INSTITUT IGH, d.d.
- Company type: Joint-stock company
- Traded as: ZSE: IGH
- Industry: Civil engineering
- Founded: 1949
- Headquarters: Zagreb, Croatia
- Key people: Robert Petrosian Managing Director
- Number of employees: 568
- Website: www.igh.hr

= Institut IGH =

Institut IGH, d.d. is a Croatian company active in civil engineering professional services and scientific research, including development of designs, studies, supervision, consulting, investigation works, assessments, laboratory testing and instrument calibration. The company has received certificates for the services it provides, namely: EN ISO 9001, EN ISO 14001 and OHSAS 18001.

Designs developed by Institut IGH include sections and structures on a number of Croatian motorways such as the A5 motorway Osijek - Đakovo section; the A4 motorway Novi Marof - Breznički Hum section and Hrastovec Tunnel on the A4 motorway; significant portions of the A1 motorway; as well as designs and other documents and services related to construction of the Pelješac Bridge; reconstruction and expansion of Port of Gruž, Dubrovnik, Croatia; construction of Adler - Alpika road near Sochi, Russia; reconstruction of Zagreb Airport etc.

Share capital of the company is 116,604,710.00 Croatian kuna and 613,709 shares of the company have been issued at nominal value of 190.00 kuna. The company is listed at Zagreb Stock Exchange and included in its CROBEX index. General manager of the company is Robert Petrosian.
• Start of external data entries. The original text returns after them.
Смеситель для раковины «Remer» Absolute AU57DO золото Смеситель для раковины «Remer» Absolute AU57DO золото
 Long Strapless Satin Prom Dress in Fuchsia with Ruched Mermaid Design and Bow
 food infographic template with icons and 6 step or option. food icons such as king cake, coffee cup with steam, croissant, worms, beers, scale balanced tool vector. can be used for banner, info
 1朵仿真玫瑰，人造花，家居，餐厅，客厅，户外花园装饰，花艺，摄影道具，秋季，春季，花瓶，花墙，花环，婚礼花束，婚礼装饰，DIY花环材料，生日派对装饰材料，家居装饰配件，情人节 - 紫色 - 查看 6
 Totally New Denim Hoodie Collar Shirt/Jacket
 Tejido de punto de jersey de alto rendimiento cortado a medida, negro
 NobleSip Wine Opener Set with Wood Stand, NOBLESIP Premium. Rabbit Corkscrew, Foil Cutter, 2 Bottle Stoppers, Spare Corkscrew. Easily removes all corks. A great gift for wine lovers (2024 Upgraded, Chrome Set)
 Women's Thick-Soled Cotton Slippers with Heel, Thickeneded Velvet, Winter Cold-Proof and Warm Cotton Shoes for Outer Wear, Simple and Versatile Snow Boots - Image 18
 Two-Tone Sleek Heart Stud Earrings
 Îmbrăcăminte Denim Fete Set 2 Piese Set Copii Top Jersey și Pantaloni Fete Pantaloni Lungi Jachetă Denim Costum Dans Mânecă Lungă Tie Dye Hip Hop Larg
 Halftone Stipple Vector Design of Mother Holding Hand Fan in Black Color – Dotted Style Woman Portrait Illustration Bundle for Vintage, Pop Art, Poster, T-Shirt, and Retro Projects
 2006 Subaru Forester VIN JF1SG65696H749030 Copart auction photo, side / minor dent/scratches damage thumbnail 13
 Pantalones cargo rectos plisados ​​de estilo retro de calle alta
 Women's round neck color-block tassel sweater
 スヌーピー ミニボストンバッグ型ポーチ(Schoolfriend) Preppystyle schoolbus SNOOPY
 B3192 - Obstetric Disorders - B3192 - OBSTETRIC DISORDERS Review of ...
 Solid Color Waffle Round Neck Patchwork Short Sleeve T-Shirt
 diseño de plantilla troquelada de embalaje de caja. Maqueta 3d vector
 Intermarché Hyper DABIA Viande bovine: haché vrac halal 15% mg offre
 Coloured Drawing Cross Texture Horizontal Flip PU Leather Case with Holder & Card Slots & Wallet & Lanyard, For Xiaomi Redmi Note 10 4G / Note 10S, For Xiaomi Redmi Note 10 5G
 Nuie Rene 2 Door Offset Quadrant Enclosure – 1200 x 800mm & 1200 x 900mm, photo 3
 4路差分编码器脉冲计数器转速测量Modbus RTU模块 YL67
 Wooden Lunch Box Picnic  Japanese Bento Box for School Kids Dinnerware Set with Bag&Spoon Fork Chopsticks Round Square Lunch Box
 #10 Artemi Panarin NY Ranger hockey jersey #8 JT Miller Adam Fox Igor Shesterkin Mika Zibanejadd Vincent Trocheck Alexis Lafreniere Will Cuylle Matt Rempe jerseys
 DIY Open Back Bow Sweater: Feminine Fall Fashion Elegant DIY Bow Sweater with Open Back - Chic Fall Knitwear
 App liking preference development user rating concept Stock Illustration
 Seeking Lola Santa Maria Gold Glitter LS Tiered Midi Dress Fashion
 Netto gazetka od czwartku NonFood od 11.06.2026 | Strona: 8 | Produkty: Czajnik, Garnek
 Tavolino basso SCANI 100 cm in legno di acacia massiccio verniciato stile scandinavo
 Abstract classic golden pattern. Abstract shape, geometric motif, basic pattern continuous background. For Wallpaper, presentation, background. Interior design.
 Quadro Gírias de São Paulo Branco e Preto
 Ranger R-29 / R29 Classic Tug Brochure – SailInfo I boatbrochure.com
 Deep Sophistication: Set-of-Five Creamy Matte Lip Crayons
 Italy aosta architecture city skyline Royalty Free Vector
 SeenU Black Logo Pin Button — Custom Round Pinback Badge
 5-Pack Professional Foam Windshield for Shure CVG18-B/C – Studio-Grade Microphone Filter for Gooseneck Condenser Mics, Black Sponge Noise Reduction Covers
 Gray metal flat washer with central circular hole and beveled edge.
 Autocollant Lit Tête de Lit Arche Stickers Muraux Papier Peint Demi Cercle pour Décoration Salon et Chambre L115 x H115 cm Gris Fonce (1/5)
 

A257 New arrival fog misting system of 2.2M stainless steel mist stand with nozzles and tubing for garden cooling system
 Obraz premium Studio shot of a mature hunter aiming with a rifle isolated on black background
IGH was founded as Laboratorij građevinarstva (Civil Engineering Laboratory) in 1949, and renamed to Institut građevinarstva Hrvatske (Institute of Civil Engineering of Croatia) in 1951. It became part of the academic system in 1962, and merged with the Faculty of Civil Engineering of the University of Zagreb in 1977. Since 1991 the Institute functions separately. In 2009, the company name was shortened to the present form.